By Stephen Burrell
Sexual violence is endemic at our universities. One of the things It Happens Here fights for is recognition of this fact – that it does happen here, at university, in Durham. However, if it is hard for us to accept that so many female students have experienced sexual violence, it is seemingly even harder for us to acknowledge that many male students are perpetrating these acts. Yet we cannot hope to tackle the problem if we do not recognise and confront this hushed reality. What’s more, the sheer pervasiveness of sexual violence at university means that we are not just talking about a few pathological, deviant ‘monsters’ – no matter how much easier it might be to think of perpetrators of sexual violence in this way. No, the extent to which sexual violence is perpetrated at university not only means that these are normalised experiences for women, but that they are also normalised acts, committed by normal men.

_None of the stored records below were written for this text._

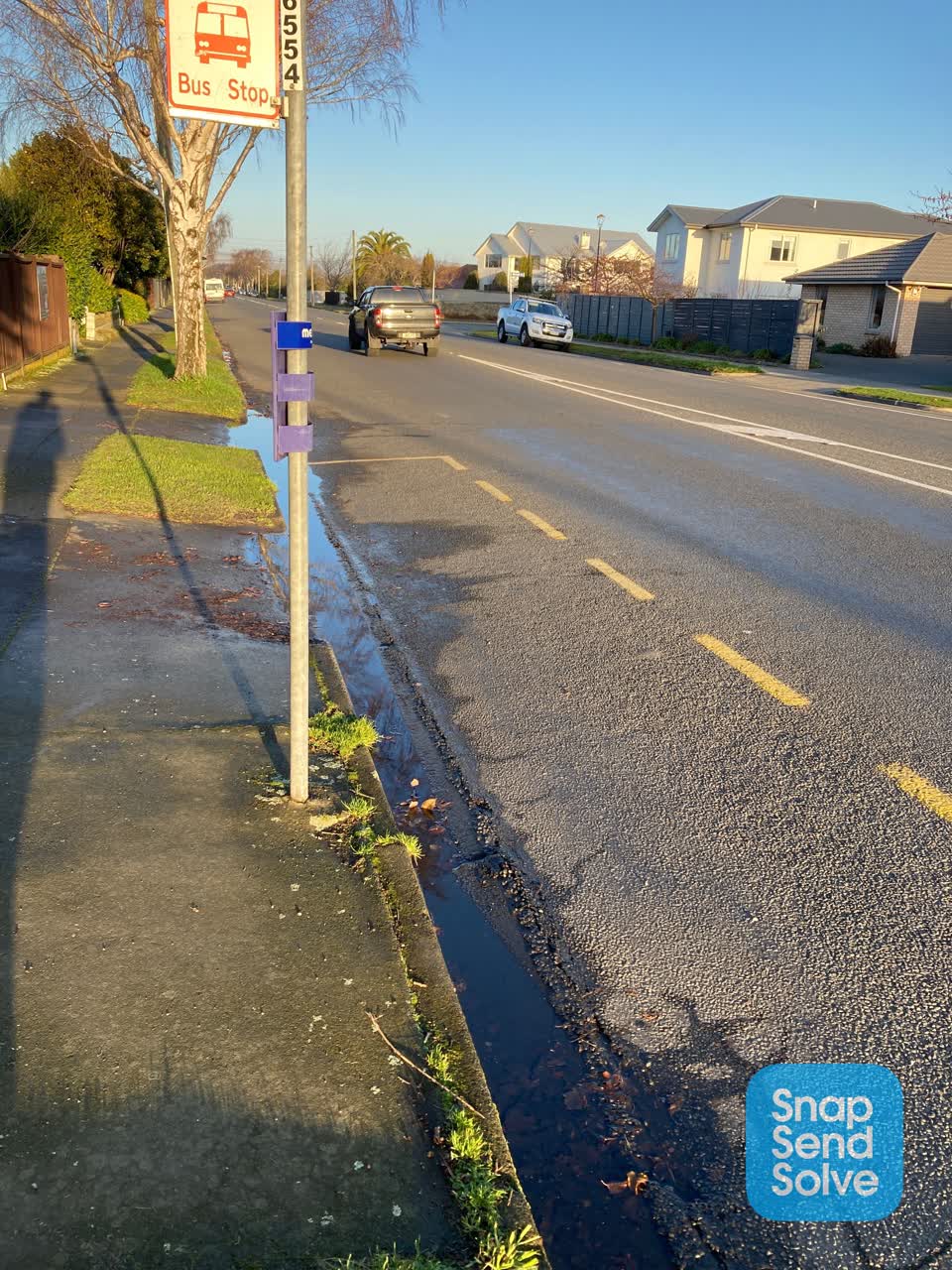 The photograph attached to this water leak report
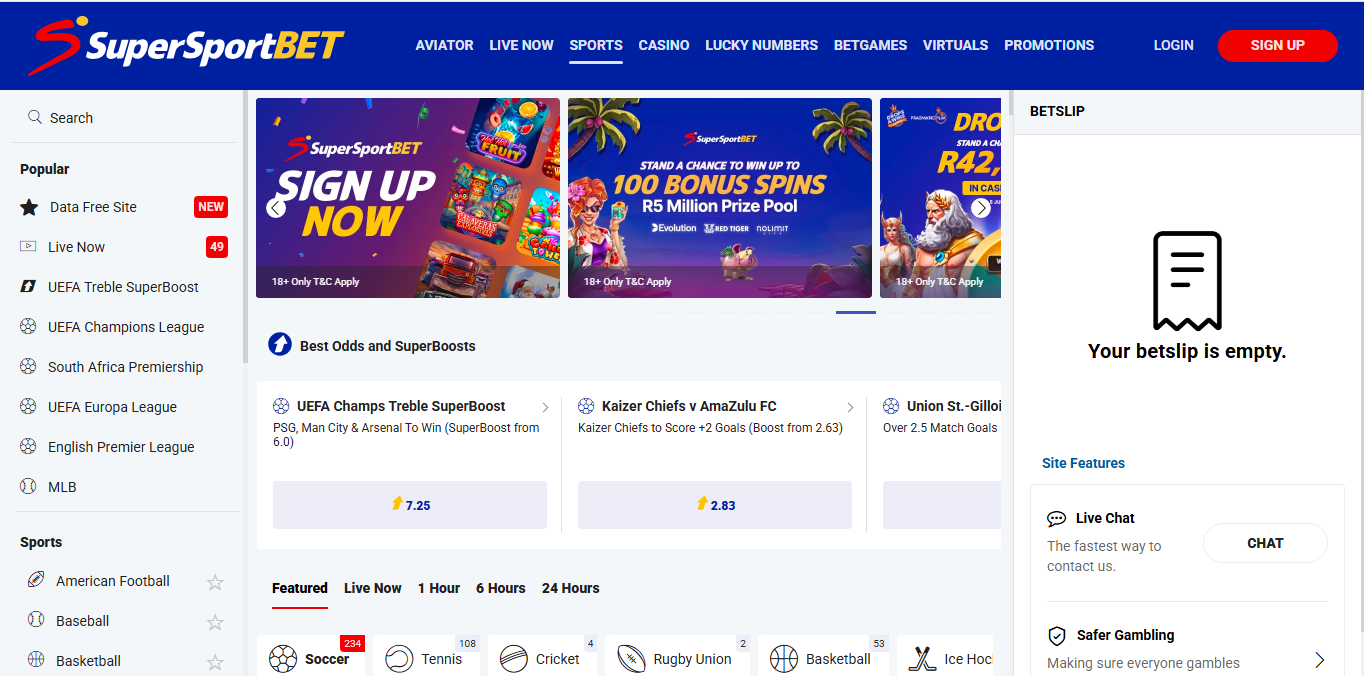 SuperSportBet Data Free Site Banner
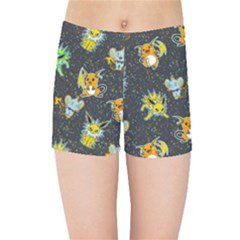 Electric Love  Kids  Sports Shorts by Mezalola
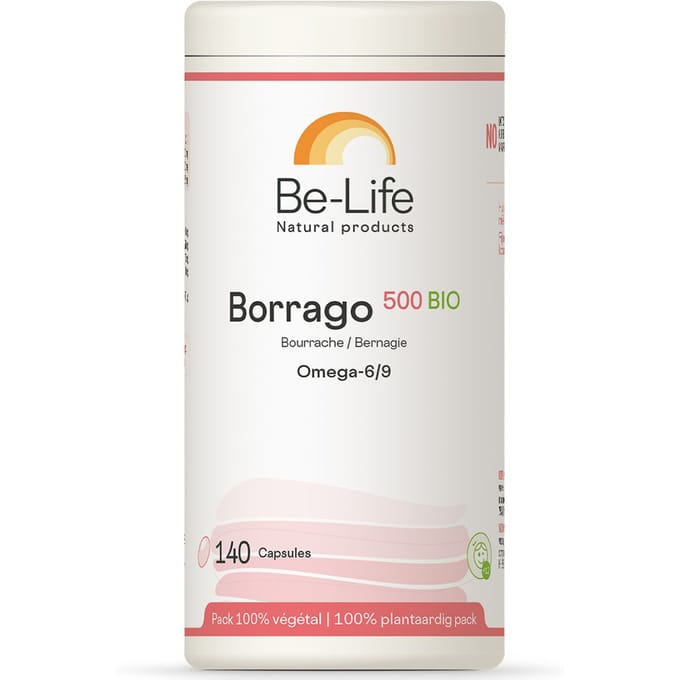 Be-Life Borrago Bio 500 140 Capsules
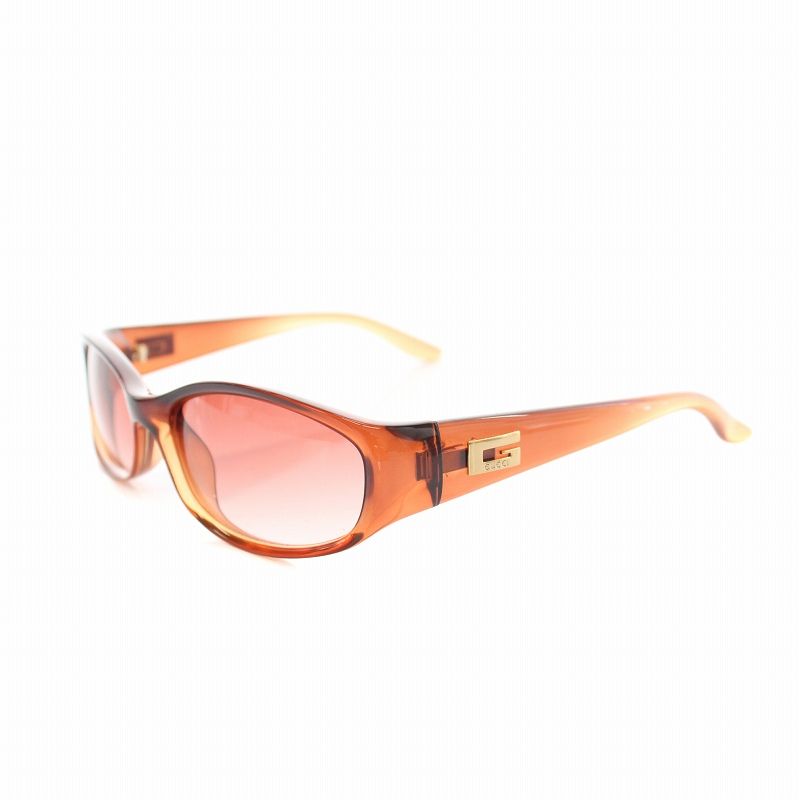 GUCCIグッチ　ウェリントン　ブラウンレンズ　ベッコウフレーム　グッチケース付 グッチ GUCCI サングラス 眼鏡 ウェリントン セルフレーム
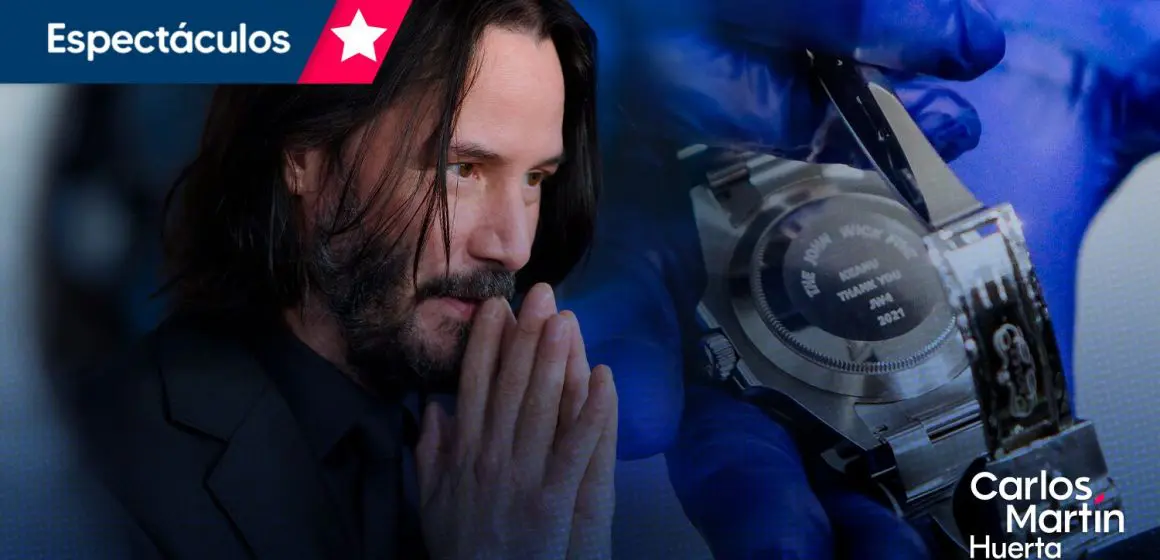 Keanu Reeves recupera relojes que le fueron robados; estaban en Chile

So how can it be that so many young men think it is acceptable to sexually assault, harass, abuse, and rape women? I think it is in no small part because that is the message given by the society in which we live. And we as men have to recognise that this is particularly true in the cultures we share with other men. If we look closely at ourselves, consider the things that we do and say in our everyday lives, and ask ourselves how we may have helped to create a context where sexual violence is tolerated, then how many of us can honestly say that we have never played any part in that? This can be in acts which might seem small and insignificant. It could be laughing at a joke about rape, or objectifying women among friends, or joining in with sexist assertions about women in academia as ‘banter’, or encouraging predatory behaviour towards women on a night out, or unthinkingly repeating myths around sexual violence which minimise the crime or blame the victim, for example. It can often be simply not doing or saying anything at all; staying silent when confronted with sexism or misogyny, and leaving it unchallenged. By staying silent, we are complicit in the epidemic of sexual violence, because we are helping to maintain a situation where this violence is legitimised among men, and signalling that we are fine with that. No matter how big or small they may seem, no matter how insignificant we think they may be, our actions and inactions always have consequences, whether we know about them or not. However, this also applies when we challenge the everyday perpetuation of this culture. So, if we as men refuse to participate in the condoning of sexual violence which takes place on our campuses, if we speak out against the violence that is being perpetrated by men towards women all around us, the reverberations can go further than we might realise, in opening up possibilities for change.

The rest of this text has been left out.